Michael Valgren lines out for Dimension Data alongside the on-form Edvald Boasson Hagen, who won the opening time trial at the recent Volta a la Comunitat Valenciana. Paris-Tours winner Søren Kragh Andersen (Sunweb) makes his season debut, while Luke Rowe and Ian Stannard are on hand for Sky.
The sprint contingent ought to have two opportunities over the five days, and the spoils will be very keenly contested. Fabio Jakobsen (Deceuninck-QuickStep), Pascal Ackermann (Bora-Hansgrohe), Dylan Groenewegen (Jumbo-Visma), Arnaud Démare (Groupama-FDJ), Christophe Laporte (Cofidis) and Jasper Philipsen (UAE Team Emirates) join Degenkolb in a striking sprint field.

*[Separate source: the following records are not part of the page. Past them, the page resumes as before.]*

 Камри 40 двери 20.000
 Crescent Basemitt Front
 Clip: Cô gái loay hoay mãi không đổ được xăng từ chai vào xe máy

The mid-race time trial, meanwhile, is 20km in length, and should be to the liking of men such as Stefan Küng, who makes his debut in Groupama-FDJ colours, and Ryan Mullen (Trek-Segafredo).
The Algarve pelotão also includes no fewer than nine teams from the home country, including W52-FC Porto, who have made the step up to Pro Continental level this season to become the first Portuguese squad to compete in the second flight since Benfica in 2008.
Amaro Antunes, who won atop Malhão in Porto colours two years ago, is back with the revamped CCC Team, although the biggest star in Portuguese cycling – 2013 world champion Rui Costa – misses the Volta ao Algarve for the fifth successive year as UAE Team Emirates hold him in reserve for the forthcoming UAE Tour.
The Volta ao Algarve starts with a 199km leg from Portimão to Lagos, and though there are still some ripples after the category 3 climb to Nave, the terrain should lend itself to a bunch finish.
Stage 2 brings the peloton into the hills of the Serra de Monchique, with the category 2 climb of Pomba serving as an hors-d'oeuvre to the final haul up the Alto de Fóia. The steepest nine per cent ramps of the 8km ascent are at the bottom, but the gradient never wholly abates. A year ago, Kwiatkowski placed a deposit on overall victory by winning the small group sprint at the top.
The time trial on stage 3 is a replica of the corresponding stage in 2018, when Thomas hurtled around the 20.3km course in Lagoa at an average speed of more than 50kph. Küng placed third 12 months ago and will be expected to shine here.
The resort town of Albufeira hosts the start of stage 4, which winds into the hills north of Faro and then traces the Spanish border before returning to the coast for a stage finish in Tavira. The category 4 climb of Pisa Barro figures in the final 20km but should not prove an insurmountable obstacle for the sprinters.
The grand finale of the Volta ao Algarve will once more be provided by the Alto do Malhão, which is climbed twice on stage 5. The category 3 ascents of Picota, Alto da Amerixieira and Vermelhos are also on the route, although, as ever, the short and sharp haul up the category 2 Malhão ought to prove decisive. Although just 3km in length, the climb includes long stretches in excess of 10 per cent before flattening out closer to the summit. Kwiatkowski sealed overall victory by winning here a year ago, while Küng – fourth at the top – was a notably strong performer.
Even at its most demanding, the Volta ao Algarve always lends itself to a wide range of talents. At this early point in the campaign, therein lies the attraction.